It was the goal PSG's mega-money makeover has been built to produce: top-class players creating a top-class strike against the best opposition on the biggest stage. And it was the goal that would have sent them to the semifinals.
Its architect was Ibrahimovic, once an outcast at the Camp Nou and always a rogue genius on the pitch.
It's been coming. Fine work from Zlatan, calm finish from Pastore. Multi-million pound goal in the making.— Will Tidey (@willtidey) April 10, 2013
Within seconds, Messi stirred on Barca's bench, only to remain there for a dozen more minutes. First, though, PSG had another chance, with Pastore mishitting his shot wildly. On the other end, Dani Alves blasted a chance into the stands seconds before Messi finally entered in the 62nd minute.

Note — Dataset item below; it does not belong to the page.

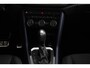 Volkswagen T-Roc 1.5 TSI 150pk DSG R-Line United Navigatie Climate Control Digitale Cockpit Full Led DAB Trekhaak Lichtmetalen Velgen 19"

Marc Bartra entered with him, replacing Adriano in the middle of defense, and Barcelona improved quickly.
Andres Iniesta surged into the box before Alex intervened and Pique's shot was blocked seconds later. Salvatore Sirigu then pushed away Iniesta's curling shot after a one-two with David Villa.
The equalizer arrived in the 71st minute, and although Messi wasn't the scorer, he did figure prominently. The Argentine slotted a pass to Villa in the box and Villa picked out Pedro with a simple but devastating back-pass. Pedro rifled his first-time, left-footed shot into the net at the far post.
Vintage Messi-Villa-Pedro connection. Haven't seen the three of them combine like that in a while.— Ravi Hiranand (@RaviCNN) April 10, 2013
Afterwards, PSG were left to wonder what could have been. With several chances in either half, the Ligue 1 leaders had the opportunity and the ability to pull off the upset. But when Messi—even a slightly less-than-fit Messi at that—finally entered, the complexion of the contest changed for good.
Messi, it would seem, needs less than 30 minutes and full health to influence matches at the highest level.